(Stored data entries)
********

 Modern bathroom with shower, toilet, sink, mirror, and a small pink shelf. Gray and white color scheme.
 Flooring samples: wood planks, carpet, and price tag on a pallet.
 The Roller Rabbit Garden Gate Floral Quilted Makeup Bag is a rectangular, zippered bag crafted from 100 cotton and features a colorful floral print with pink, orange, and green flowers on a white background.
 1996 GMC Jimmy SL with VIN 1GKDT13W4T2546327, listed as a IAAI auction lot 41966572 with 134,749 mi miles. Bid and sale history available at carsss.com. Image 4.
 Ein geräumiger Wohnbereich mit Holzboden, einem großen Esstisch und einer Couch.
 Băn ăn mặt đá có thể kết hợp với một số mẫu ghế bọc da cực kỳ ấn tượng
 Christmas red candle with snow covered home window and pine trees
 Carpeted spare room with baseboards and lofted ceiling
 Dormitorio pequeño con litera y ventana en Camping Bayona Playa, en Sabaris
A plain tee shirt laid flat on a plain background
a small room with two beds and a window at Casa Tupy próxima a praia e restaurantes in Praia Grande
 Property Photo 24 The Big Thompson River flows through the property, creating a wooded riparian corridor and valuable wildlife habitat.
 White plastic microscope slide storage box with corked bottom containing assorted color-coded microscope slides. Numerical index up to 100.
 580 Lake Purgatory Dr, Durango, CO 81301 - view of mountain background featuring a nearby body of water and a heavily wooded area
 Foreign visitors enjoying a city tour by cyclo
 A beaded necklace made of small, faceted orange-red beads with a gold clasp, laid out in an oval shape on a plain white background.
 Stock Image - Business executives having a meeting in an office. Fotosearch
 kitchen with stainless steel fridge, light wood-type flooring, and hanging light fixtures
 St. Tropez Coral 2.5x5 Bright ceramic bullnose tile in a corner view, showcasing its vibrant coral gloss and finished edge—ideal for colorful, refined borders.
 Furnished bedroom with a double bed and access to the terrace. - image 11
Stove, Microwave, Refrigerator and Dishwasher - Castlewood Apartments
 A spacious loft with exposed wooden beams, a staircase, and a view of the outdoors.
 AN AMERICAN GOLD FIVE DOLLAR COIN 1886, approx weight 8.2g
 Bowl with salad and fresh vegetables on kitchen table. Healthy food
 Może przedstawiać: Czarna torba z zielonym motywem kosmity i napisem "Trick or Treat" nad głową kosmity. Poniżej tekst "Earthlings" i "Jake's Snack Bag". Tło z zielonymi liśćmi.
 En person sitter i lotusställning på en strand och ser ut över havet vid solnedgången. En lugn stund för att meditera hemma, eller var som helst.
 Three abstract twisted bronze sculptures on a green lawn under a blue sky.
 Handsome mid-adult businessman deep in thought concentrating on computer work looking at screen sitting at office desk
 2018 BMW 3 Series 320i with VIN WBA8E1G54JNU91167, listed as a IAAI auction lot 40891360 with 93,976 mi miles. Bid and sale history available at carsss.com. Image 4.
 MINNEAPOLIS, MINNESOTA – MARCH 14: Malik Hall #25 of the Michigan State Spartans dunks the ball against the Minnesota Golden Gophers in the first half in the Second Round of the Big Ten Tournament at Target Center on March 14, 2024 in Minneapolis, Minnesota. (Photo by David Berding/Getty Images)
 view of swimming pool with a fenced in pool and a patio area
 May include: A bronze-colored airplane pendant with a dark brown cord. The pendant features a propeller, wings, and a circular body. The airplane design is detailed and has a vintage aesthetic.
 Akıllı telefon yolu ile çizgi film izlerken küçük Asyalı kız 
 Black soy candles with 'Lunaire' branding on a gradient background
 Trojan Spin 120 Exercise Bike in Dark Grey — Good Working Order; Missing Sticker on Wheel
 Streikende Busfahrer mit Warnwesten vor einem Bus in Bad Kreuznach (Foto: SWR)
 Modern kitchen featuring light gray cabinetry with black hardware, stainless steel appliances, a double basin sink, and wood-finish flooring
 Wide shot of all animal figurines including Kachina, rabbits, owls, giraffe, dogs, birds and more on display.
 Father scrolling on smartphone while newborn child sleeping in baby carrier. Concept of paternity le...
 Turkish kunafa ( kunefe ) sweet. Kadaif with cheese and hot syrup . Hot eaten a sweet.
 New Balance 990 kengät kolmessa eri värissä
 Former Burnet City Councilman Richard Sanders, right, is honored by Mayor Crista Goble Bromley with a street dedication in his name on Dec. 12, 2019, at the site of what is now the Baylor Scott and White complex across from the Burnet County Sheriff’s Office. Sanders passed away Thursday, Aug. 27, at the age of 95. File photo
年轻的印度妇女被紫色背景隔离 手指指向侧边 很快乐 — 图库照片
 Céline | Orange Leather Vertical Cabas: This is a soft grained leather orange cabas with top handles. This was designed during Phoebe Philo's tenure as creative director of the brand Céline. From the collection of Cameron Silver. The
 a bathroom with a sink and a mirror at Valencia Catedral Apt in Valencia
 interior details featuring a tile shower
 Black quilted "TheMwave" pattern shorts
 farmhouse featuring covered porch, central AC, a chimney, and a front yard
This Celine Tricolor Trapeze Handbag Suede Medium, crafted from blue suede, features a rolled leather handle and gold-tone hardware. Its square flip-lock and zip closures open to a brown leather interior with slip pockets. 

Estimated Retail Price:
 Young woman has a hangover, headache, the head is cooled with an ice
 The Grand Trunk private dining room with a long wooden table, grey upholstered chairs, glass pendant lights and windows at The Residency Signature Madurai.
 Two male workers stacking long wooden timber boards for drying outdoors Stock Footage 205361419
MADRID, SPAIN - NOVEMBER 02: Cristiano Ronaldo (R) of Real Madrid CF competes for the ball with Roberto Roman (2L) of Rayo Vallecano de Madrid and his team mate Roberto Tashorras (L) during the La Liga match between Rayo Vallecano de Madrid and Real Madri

********

> [Problem to work on] Select all lines with the word "green" from the entries above.

> [Task response]
 The Roller Rabbit Garden Gate Floral Quilted Makeup Bag is a rectangular, zippered bag crafted from 100 cotton and features a colorful floral print with pink, orange, and green flowers on a white background.
 Three abstract twisted bronze sculptures on a green lawn under a blue sky.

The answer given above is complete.